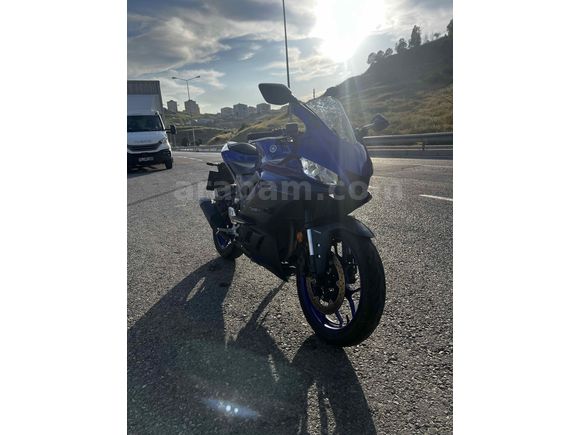 İlk Sahibinden Mavi R25 ABS 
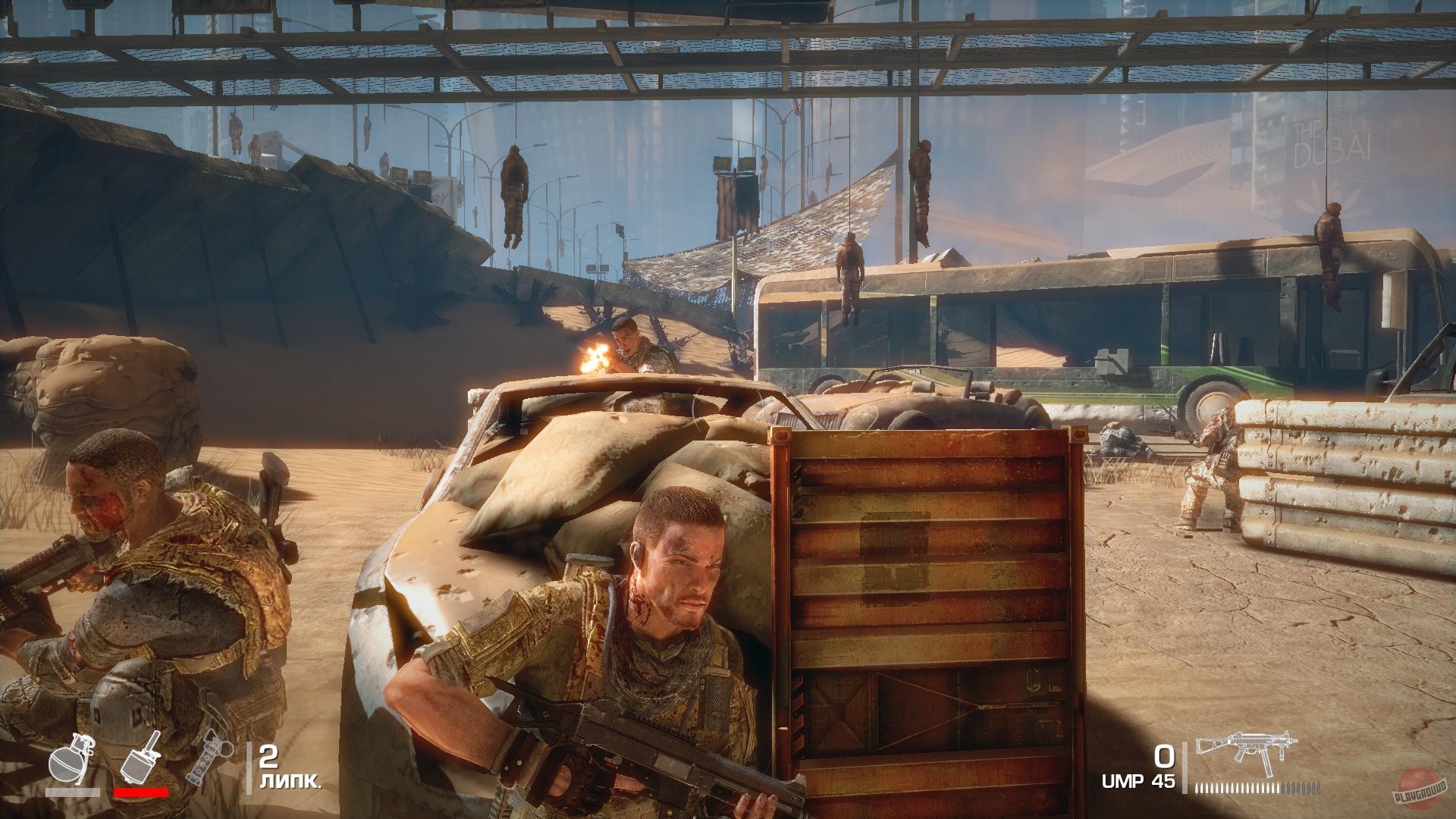 Скриншот из игры Spec Ops: The Line - 102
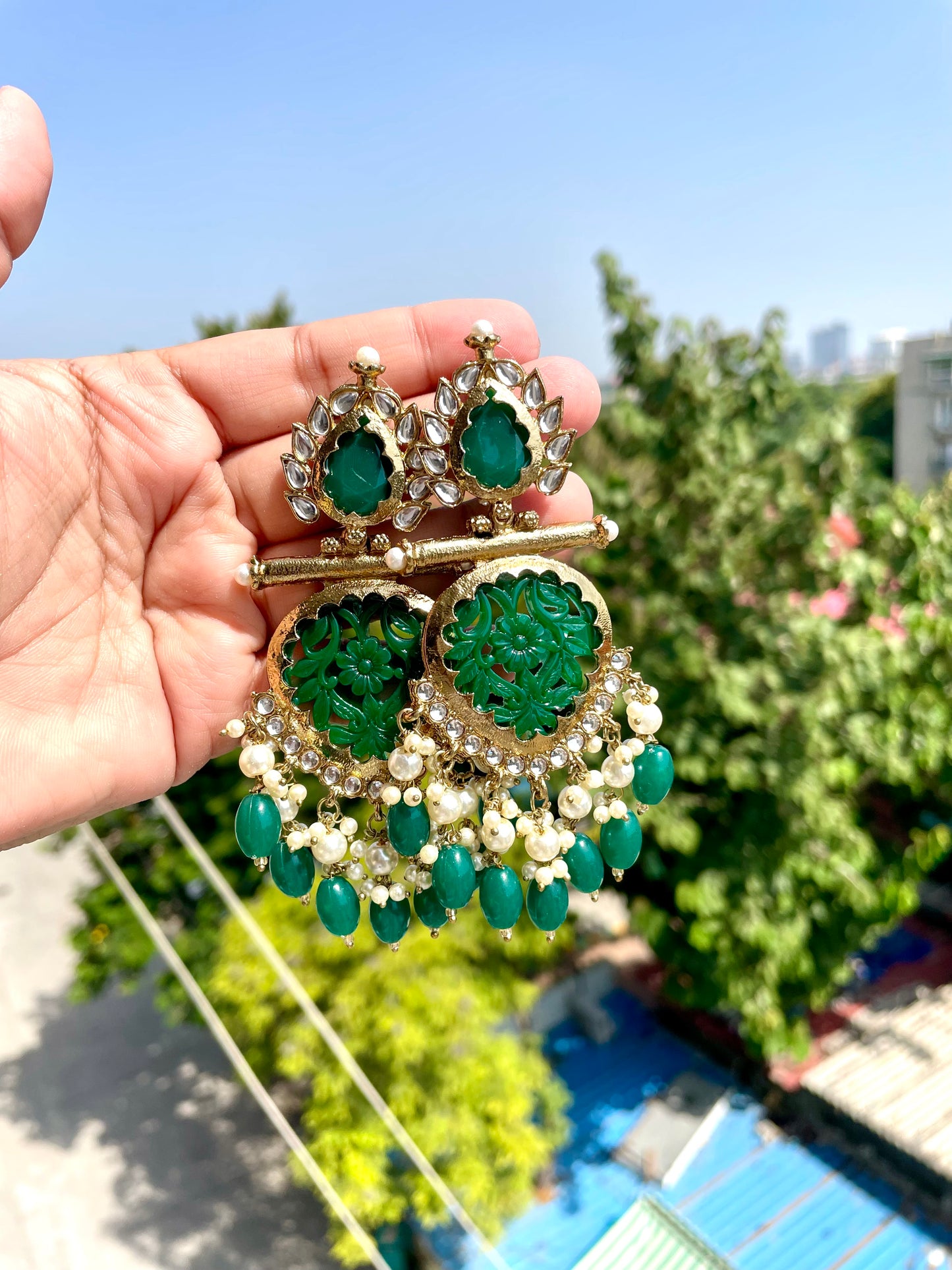 Bahara earrings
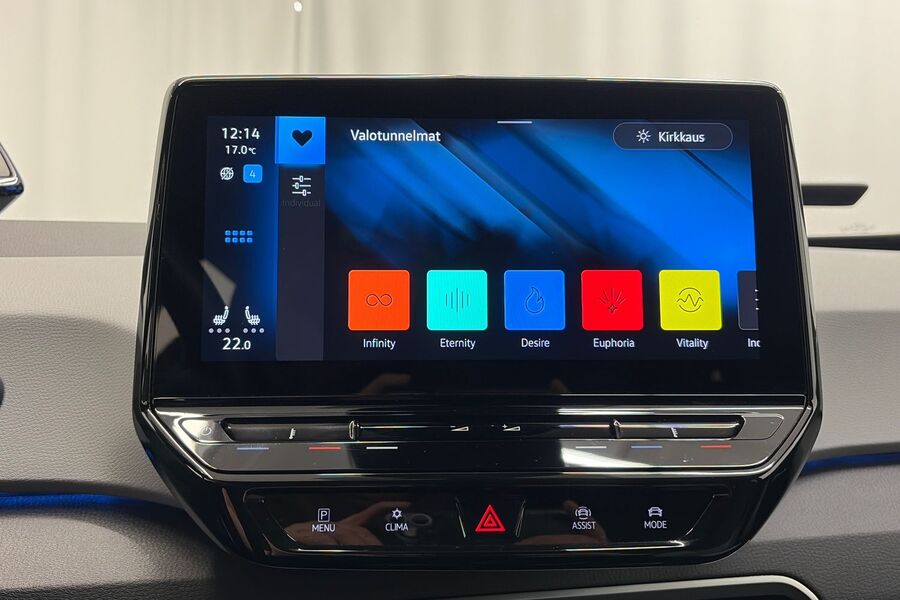 Volkswagen ID.3 vaihtoauto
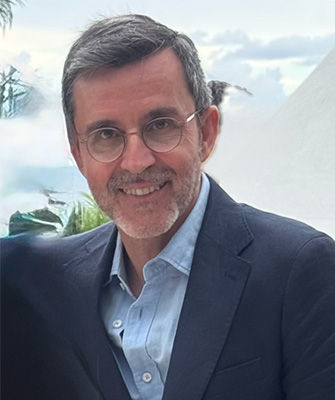 Photo of Andres B. Munoz Mosquera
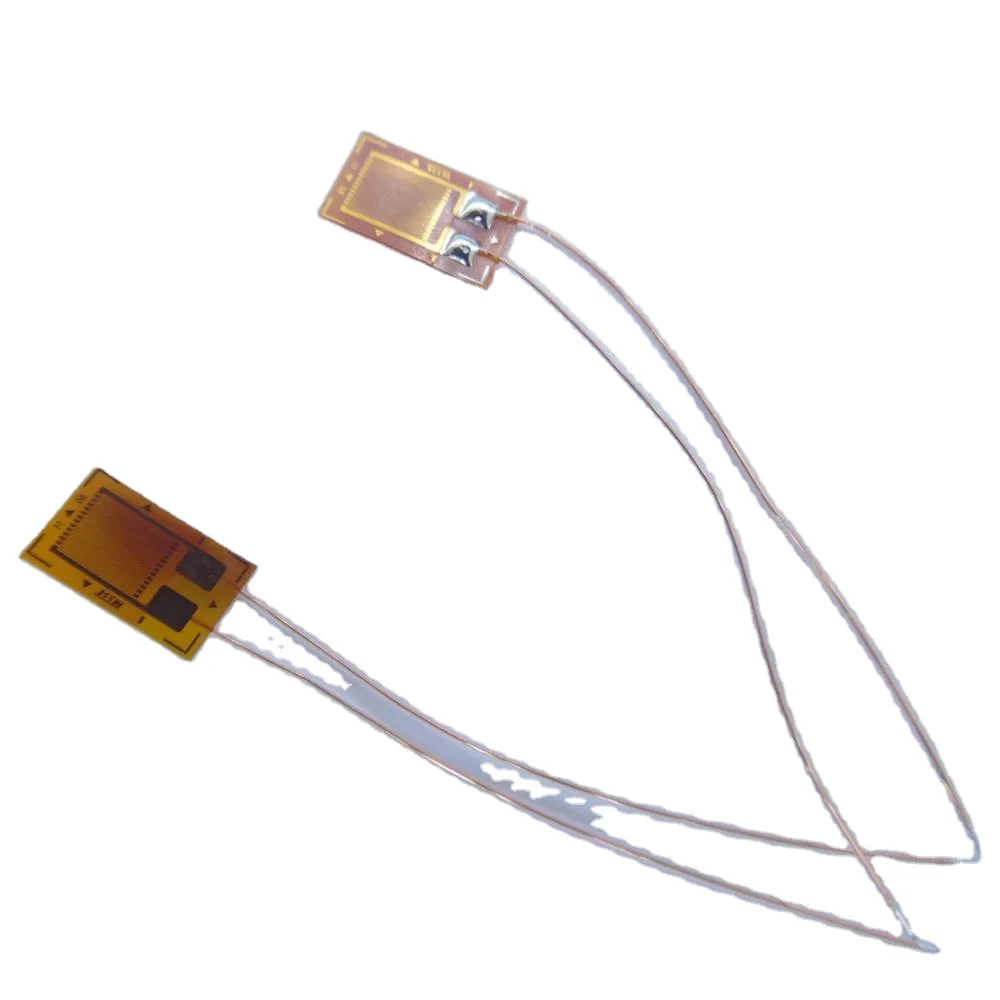 High precision resistive strain gauge  Strain gauge GAGE whole bridge Used for pressure/weighing sensor New Original Box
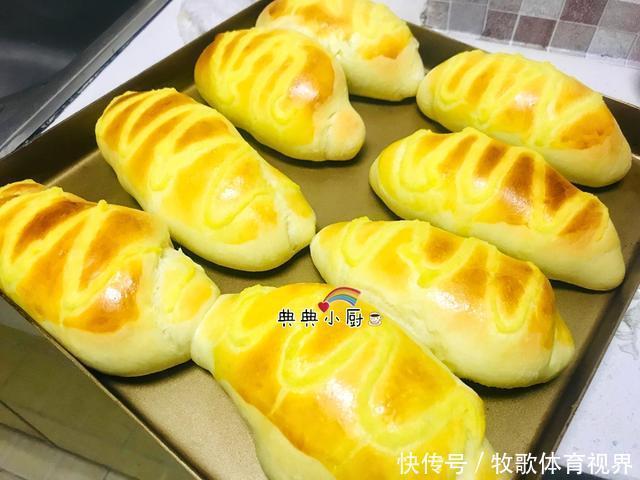 毛毛虫|假期早餐不用愁,毛毛虫面包做法收好了,简单美味,孩子吃不够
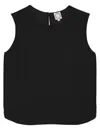 Ines De La Fressange Top Albert In Black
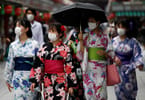 Japan kicks off domestic tourism campaign despite spike in new COVID-19 cases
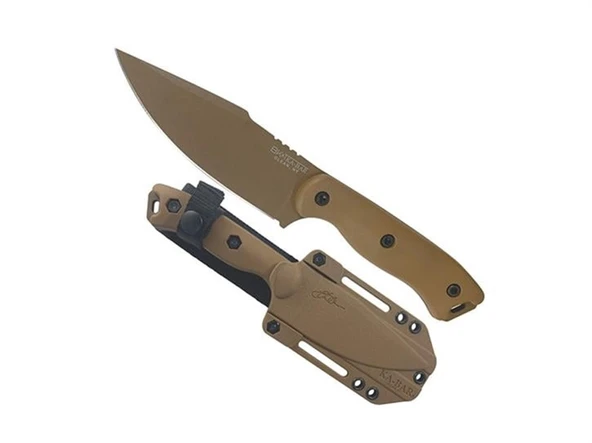 KA-BAR BK18 Becker Harpoon Kamp Bıçağı - Resim 11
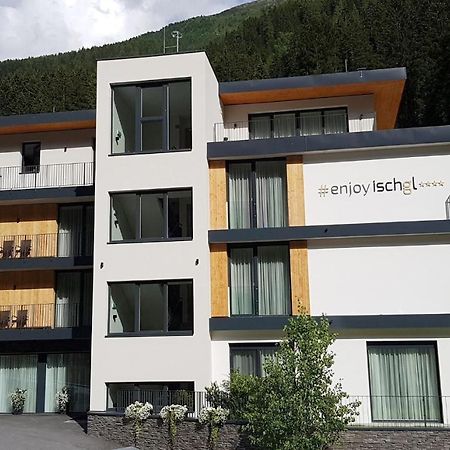 Enjoy Ischgl Aparthotel Eksteriør bilde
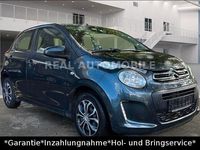 Gebraucht Citroën C1 Feel 69 PS (50 kW) 2018 Grau Kleinwagen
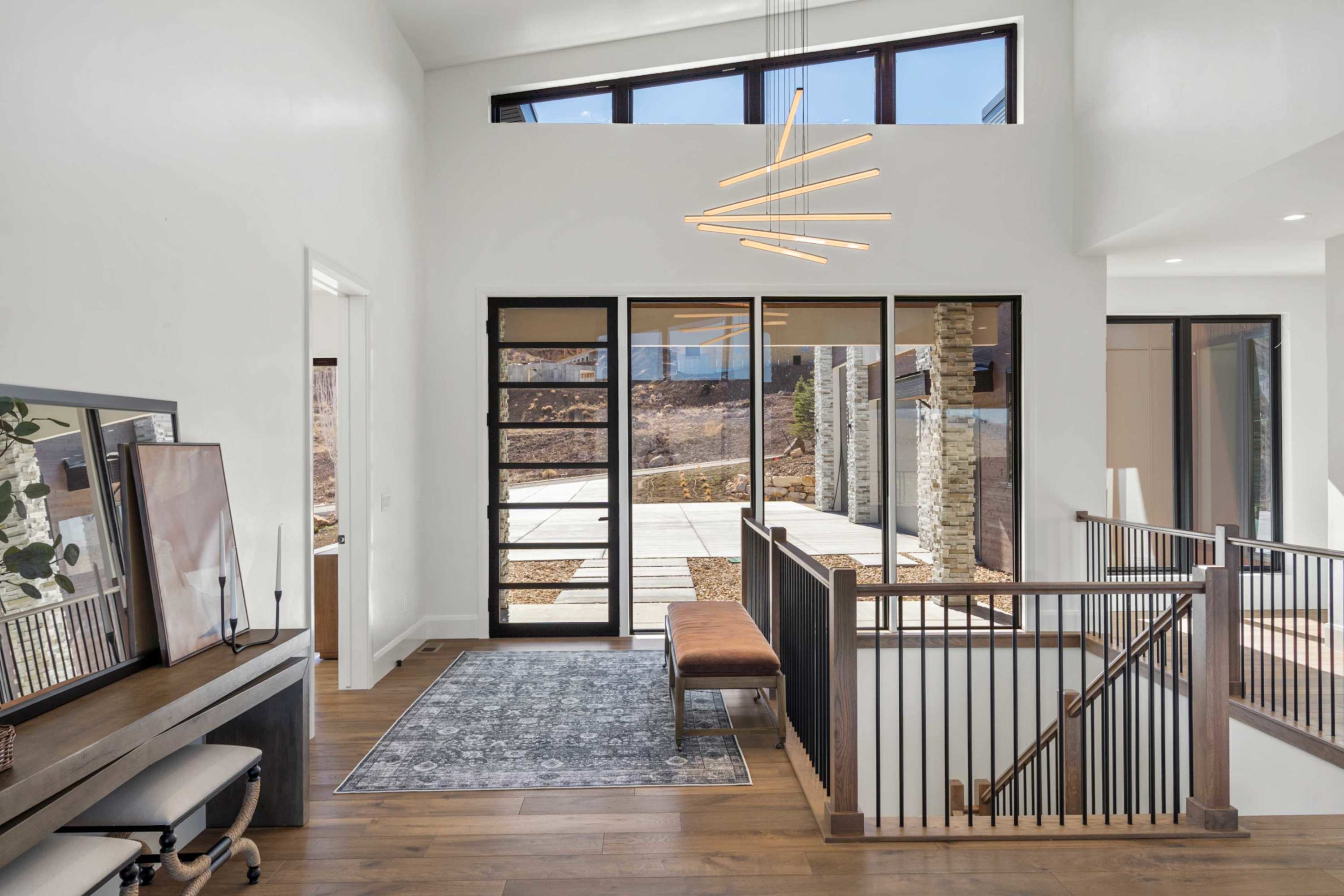 The Terrace Estate at Benloch near Park City with Private Hot Tub and Theater | Photo 11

■ TASK STATEMENT
Nothing but the lines from the one holding "Bahara earrings" through the last line of the entries should be written out, exactly and inclusively, minus the pictures.

■ RESPONSE TO THE TASK
 Bahara earrings
 Volkswagen ID.3 vaihtoauto
 Photo of Andres B. Munoz Mosquera
 High precision resistive strain gauge  Strain gauge GAGE whole bridge Used for pressure/weighing sensor New Original Box
 毛毛虫|假期早餐不用愁,毛毛虫面包做法收好了,简单美味,孩子吃不够
 Ines De La Fressange Top Albert In Black
 Japan kicks off domestic tourism campaign despite spike in new COVID-19 cases
 KA-BAR BK18 Becker Harpoon Kamp Bıçağı - Resim 11
 Enjoy Ischgl Aparthotel Eksteriør bilde
 Gebraucht Citroën C1 Feel 69 PS (50 kW) 2018 Grau Kleinwagen
 The Terrace Estate at Benloch near Park City with Private Hot Tub and Theater | Photo 11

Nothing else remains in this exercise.